The class QueryEventsIter is meant to obtain an iterator, that makes it easy to iterate over all events that match the search conditions. Alternatively, the QueryEvents class can be used to obtain a broader range of information about the matching events in various forms. In case of QueryEvents, the results can be not only the list of events, but also a timeline distribution of the matching events over time, distribution of matching events into predefined categories, list of top concepts in the matching events, etc.

The returned information about events follows the Event data model.

QueryEventsIter

Example of usage

Before describing the class, here is a simple full example that prints the list of all events related to Barack Obama, from the latest to the oldest:

from eventregistry import *
er = EventRegistry(apiKey = YOUR_API_KEY)
q = QueryEventsIter(conceptUri = er.getConceptUri("Obama"))
for event in q.execQuery(er, sortBy = "date"):
    print event

Constructor

QueryEventsIter is a derived class from QueryEvents.
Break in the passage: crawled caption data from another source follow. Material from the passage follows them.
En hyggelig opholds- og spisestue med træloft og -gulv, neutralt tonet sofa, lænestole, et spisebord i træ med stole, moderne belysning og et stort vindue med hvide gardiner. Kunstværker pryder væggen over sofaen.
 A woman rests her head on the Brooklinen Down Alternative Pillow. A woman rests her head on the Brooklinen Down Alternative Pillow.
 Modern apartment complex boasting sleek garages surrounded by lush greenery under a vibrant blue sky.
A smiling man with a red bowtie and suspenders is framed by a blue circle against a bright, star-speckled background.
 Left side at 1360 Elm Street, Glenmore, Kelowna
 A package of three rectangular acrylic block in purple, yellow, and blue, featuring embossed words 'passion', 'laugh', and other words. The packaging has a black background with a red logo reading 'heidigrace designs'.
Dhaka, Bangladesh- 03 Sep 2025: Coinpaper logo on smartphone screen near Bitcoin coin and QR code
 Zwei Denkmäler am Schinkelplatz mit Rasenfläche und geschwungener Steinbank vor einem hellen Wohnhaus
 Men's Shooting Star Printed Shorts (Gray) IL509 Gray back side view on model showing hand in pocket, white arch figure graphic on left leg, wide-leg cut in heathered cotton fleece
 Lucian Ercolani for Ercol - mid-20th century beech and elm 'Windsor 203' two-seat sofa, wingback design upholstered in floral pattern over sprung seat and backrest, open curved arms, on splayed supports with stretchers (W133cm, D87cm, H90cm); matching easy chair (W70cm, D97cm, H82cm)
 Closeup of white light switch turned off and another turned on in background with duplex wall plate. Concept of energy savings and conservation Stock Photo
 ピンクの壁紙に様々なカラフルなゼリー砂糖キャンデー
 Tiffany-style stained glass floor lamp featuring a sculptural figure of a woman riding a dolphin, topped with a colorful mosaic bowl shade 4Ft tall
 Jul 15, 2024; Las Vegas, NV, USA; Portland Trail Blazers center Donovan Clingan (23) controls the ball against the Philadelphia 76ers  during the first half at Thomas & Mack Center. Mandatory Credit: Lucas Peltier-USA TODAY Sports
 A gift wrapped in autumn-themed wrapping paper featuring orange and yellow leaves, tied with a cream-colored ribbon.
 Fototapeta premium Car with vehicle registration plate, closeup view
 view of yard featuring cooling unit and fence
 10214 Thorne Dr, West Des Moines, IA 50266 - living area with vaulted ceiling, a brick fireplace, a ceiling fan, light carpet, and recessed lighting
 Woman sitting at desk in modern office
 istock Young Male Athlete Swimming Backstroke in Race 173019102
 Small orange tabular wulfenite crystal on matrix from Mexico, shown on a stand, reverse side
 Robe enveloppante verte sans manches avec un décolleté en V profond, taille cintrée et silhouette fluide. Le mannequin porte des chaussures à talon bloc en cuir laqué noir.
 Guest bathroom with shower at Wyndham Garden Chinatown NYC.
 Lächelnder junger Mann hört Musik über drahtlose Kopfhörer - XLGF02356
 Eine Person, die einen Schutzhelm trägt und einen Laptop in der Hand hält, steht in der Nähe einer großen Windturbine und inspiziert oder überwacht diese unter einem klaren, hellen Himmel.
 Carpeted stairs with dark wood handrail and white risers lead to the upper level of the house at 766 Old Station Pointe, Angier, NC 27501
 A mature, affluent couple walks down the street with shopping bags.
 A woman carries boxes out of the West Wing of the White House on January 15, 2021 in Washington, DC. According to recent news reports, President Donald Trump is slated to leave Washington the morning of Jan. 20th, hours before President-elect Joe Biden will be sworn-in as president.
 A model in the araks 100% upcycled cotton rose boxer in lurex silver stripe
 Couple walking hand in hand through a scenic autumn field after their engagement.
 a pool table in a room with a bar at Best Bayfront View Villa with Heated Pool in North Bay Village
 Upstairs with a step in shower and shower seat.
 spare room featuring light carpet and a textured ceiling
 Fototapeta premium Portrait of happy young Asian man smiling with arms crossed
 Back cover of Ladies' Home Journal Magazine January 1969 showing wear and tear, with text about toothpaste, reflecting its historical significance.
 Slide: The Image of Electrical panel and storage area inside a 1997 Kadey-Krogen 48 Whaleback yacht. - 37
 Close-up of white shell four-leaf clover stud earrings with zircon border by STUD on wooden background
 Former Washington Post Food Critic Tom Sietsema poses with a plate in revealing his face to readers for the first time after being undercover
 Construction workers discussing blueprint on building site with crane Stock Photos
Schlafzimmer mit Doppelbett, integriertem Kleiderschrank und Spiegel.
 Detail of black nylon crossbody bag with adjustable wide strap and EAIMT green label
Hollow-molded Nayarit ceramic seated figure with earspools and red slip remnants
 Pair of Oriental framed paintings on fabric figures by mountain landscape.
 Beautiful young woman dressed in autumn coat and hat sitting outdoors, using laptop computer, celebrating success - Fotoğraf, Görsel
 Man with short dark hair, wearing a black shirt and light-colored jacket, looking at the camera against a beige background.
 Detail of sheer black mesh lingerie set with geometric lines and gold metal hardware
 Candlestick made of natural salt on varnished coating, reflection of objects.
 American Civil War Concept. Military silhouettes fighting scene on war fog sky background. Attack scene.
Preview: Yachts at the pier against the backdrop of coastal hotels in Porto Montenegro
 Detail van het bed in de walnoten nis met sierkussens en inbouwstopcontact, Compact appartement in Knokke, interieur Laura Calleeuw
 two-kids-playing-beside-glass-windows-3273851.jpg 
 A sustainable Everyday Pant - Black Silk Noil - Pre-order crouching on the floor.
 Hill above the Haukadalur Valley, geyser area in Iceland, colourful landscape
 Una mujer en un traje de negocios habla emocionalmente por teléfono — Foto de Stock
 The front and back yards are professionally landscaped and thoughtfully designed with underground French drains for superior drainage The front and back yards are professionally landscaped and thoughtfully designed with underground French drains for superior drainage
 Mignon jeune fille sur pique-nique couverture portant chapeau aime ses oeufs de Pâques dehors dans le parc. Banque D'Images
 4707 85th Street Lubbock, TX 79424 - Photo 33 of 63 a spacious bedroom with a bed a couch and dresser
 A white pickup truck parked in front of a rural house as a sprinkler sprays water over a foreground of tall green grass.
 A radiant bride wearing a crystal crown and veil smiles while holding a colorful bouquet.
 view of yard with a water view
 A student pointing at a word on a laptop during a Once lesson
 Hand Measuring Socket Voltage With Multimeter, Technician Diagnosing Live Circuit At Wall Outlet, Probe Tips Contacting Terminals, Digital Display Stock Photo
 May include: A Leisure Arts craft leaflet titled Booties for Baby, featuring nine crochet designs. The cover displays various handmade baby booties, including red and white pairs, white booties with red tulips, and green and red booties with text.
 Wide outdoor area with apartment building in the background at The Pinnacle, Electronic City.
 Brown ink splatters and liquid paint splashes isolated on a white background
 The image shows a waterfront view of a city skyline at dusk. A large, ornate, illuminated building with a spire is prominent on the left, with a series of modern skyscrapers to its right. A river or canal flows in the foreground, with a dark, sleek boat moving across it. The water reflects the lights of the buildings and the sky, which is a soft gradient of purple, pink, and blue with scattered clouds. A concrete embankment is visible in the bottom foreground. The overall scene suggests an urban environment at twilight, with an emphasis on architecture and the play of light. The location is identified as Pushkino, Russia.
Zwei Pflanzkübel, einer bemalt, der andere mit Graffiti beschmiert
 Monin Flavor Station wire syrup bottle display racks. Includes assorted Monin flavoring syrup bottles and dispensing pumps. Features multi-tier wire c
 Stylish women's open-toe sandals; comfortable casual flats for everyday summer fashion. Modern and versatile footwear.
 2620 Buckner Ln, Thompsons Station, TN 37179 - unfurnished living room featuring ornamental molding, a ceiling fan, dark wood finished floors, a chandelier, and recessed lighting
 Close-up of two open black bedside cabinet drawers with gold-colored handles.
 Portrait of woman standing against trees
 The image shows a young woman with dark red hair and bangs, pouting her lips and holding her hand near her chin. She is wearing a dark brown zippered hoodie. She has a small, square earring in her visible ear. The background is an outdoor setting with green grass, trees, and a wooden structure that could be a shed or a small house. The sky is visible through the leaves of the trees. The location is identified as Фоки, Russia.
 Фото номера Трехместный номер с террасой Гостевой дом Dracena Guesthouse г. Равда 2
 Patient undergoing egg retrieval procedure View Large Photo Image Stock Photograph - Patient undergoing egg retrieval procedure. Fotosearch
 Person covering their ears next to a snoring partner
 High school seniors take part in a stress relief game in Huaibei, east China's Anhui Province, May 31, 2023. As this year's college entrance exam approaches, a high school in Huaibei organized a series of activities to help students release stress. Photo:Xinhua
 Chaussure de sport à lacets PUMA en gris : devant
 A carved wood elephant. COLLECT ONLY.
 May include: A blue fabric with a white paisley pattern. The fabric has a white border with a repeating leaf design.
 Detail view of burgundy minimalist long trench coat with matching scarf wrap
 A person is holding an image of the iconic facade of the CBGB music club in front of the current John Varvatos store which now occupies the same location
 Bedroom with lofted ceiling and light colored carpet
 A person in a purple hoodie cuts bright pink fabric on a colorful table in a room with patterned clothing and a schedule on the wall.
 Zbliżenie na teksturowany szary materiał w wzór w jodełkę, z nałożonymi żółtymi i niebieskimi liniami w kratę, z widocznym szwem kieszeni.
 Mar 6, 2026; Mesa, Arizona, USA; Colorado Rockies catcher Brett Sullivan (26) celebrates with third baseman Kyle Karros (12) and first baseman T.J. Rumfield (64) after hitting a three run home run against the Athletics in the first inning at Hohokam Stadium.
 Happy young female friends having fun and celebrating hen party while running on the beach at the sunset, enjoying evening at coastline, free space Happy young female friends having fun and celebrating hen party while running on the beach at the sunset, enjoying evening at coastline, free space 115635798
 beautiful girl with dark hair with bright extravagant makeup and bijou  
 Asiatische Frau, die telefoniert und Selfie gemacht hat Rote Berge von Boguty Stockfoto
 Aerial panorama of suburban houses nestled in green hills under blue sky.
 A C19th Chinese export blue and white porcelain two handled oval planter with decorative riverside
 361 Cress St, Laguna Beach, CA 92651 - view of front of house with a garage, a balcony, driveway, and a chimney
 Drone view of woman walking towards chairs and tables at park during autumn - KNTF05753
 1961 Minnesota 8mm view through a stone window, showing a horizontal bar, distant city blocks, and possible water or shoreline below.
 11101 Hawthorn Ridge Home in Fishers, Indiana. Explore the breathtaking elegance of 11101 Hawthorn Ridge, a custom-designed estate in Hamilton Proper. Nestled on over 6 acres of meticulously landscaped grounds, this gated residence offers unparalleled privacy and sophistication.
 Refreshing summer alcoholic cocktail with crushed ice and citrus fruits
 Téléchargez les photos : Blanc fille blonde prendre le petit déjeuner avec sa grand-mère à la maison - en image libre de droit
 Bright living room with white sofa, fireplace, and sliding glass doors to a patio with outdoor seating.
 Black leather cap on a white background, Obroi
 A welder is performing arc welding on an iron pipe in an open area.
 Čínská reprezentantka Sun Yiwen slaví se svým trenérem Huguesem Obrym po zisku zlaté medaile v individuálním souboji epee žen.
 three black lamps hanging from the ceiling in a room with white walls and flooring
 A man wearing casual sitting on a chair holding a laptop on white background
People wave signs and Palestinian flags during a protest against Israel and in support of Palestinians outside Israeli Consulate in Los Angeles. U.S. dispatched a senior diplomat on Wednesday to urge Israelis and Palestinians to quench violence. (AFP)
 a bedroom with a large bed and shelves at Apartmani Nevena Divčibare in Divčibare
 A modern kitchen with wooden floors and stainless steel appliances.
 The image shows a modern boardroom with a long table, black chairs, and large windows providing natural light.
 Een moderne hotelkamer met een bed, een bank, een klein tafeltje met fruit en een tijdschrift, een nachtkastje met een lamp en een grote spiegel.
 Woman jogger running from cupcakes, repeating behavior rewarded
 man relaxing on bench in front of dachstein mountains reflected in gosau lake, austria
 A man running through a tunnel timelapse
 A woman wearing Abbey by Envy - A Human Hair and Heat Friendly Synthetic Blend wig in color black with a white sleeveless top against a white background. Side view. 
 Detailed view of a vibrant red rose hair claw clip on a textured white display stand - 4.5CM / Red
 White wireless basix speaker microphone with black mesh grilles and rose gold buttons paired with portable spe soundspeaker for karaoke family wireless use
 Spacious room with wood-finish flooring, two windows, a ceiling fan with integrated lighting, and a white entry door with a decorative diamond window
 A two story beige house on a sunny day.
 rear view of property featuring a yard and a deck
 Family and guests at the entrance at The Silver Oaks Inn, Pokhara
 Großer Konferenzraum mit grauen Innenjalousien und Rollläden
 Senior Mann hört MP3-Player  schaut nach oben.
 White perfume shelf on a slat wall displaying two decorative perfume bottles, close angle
It's constructor can accept the following arguments:

QueryEventsIter(keywords = "",
        conceptUri = [],
        sourceUri = [],
        locationUri = [],
        categoryUri = [],
        lang = [],
        dateStart = "",
        dateEnd = "",
        minArticlesInEvent = 0,
        maxArticlesInEvent = sys.maxint,
        dateMentionStart = "",
        dateMentionEnd = "",
        ignoreKeywords = "",
        ignoreConceptUri = [],
        ignoreLocationUri = [],
        ignoreSourceUri = [],
        ignoreCategoryUri = [],
        ignoreLang = [],
        categoryIncludeSub = True,
        ignoreCategoryIncludeSub = True)

The parameters for which you don't specify a value will be ignored. In order for the query to be valid (=it can be executed by Event Registry), it has to have at least one positive condition (conditions that start with ignore* do not count as positive conditions). The meaning of the arguments is as follows:

  • keywords: find events where articles mention all the specified keywords. In case of multiple keywords, separate them with space. Example: "apple iphone".
  • conceptUri: find events where the concept with the specified concept URI is important. A single concept URI can be provided as a string, while multiple concept URIs can be provided as a list of strings. If multiple concept URIs are provided, resulting events have to be about all of them. To obtain a concept URI based on a (partial) concept label use EventRegistry.getConceptUri().
  • sourceUri: find events that contain one or more articles that have been written by a news source sourceUri. If multiple sources are provided, resulting events have to be contain articles from all provided sources. Source URI for a given (partial) news source name can be obtained using EventRegistry.getNewsSourceUri().
  • locationUri: find events that occured at a particular location. Location URI can either be a city or a country. If multiple locations are provided, resulting events have to match any of the locations. Location URI for a given name can be obtained using EventRegistry.getLocationUri().
  • categoryUri: find events that are assigned into a particular category. If multiple categories are provided, resulting events have to be assigned to any of the categories. A category URI can be obtained based on a (partial) category name using EventRegistry.getCategoryUri().
  • lang: find events for which we found articles in the specified language. If more than one language is specified, resulting events has to be reported in any of the languages.
  • dateStart: find events that occured on or after dateStart. Date should be provided in YYYY-MM-DD format, datetime.time or datetime.datetime.
  • dateEnd: find events that occured before or on dateEnd. Date should be provided in YYYY-MM-DD format, datetime.time or datetime.datetime.
  • minArticlesInEvent: find events that have been reported in at least minArticlesInEvent articles (regardless of language).
  • maxArticlesInEvent: find events that have not been reported in more than maxArticlesInEvent articles (regardless of language).
  • dateMentionStart: find events where articles explicitly mention a date that is equal or greater than dateMentionStart.
  • dateMentionEnd: find events where articles explicitly mention a date that is lower or equal to dateMentionEnd.
  • ignoreKeywords: ignore events where articles about the event mention all provided keywords.
  • ignoreConceptUri: ignore events that are about all provided concepts.
  • ignoreLang: ignore events that are reported in any of the provided languages.
  • ignoreLocationUri: ignore events that occured in any of the provided locations. A location can be a city or a place
  • ignoreSourceUri: ignore events that have have articles which have been written by all specified news sources
  • categoryIncludeSub: when a category is specified using categoryUri, should also all subcategories be included?
  • ignoreCategoryIncludeSub: when a category is specified using ignoreCategoryUri, should also all subcategories be included?

Methods

The class QueryEventsIter has two main methods: count() and execQuery().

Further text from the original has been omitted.